Project : step 2
Culture boxes and nutrients

Disclaimer: the automatically generated English translation is provided only for convenience and it may contain wording flaws. The original French document must be taken as reference!

Goal: To implement the environment in which our future bacteria will evolve. This will essentially involve culture boxes in which nutrients will grow.

Required concepts: classes, constructors/destructors, operator overloading, inheritance

These concepts are explained in lessons 16, 17, 18 & 19

Required files : partie2.zip

Setup

The archive provided for this step contains a new version of the file CmakeLists.txt which allows you to compile the material in this section. It also contains :

You will work on this step in the directory partie2/

As in the previous step, method prototypes and attribute declarations will be located in a file with the .hpp extension, while their definitions will be located in a file with the .cpp extension.

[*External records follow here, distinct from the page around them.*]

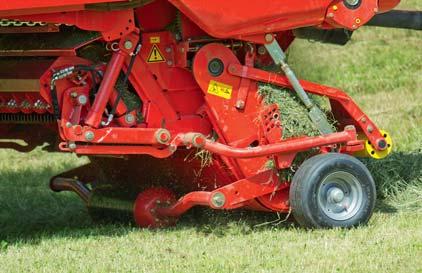 Perfect ground tracking Best forage collection The PÖTTINGER floating pick-up with height-adjustable jockey wheels at both ends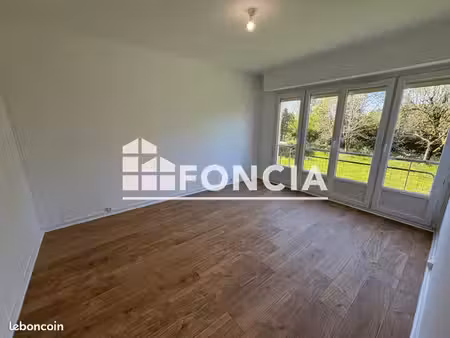 appartement 3 pièces 54m² à louer 520 - pineuilh 33220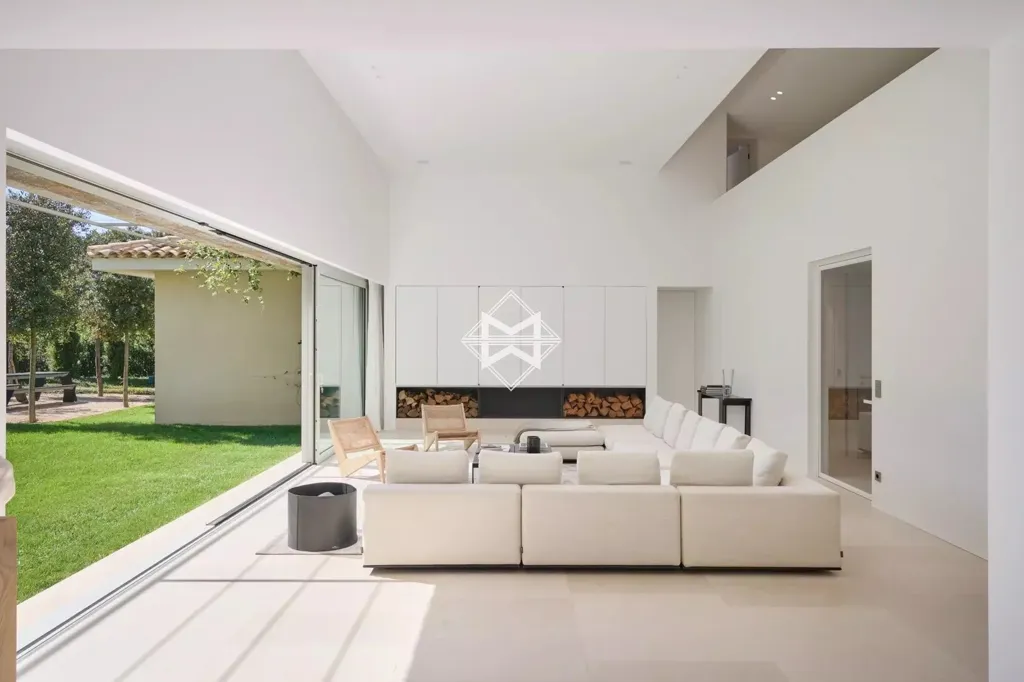 Séjour - Villa Luxueuse avec Piscine à Saint-Tropez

The project description is designed so that your project can compile with the file CmakeLists.txt provided in the folder src/partie2. To ensure that your classes are compatible with the test files provided, you must give your files the same name as the classes they contain. For example, the Nutrient class will be coded in the Nutrient.[hpp][cpp] files.

You must proceed in this manner throughout the project.

(If you do not choose this option, you will need to adapt the test files provided yourself).

General description of the classes to be produced

At this stage, we will begin by modelling the environment in which our future microorganisms will develop. We could simply model a single culture dish, but we will instead adopt a more general approach from the outset, enabling us to conduct several experiments simultaneously, using different culture dishes.

We will therefore start by modelling :

  1. the concept of a culture dish. This is the environment in which the microorganisms will evolve. You will grow nutrients generated at random locations in it;
  2. the laboratory (very basic). For now, this class will simply model the support on which the dishes are placed.

At this stage, you will begin to use your first graphical applications. A class Application.[hpp][cpp] is provided; it will serve as the basis for all your graphical simulation tests.

To summarise, here is the architecture you should have achieved at the end of this stage :

Modele

Let us now proceed to the beginning of the coding. In your programme, you will ensure that your classes are properly encapsulated, in particular by not giving public or protected access to your attributes. You will also systematically provide destructors.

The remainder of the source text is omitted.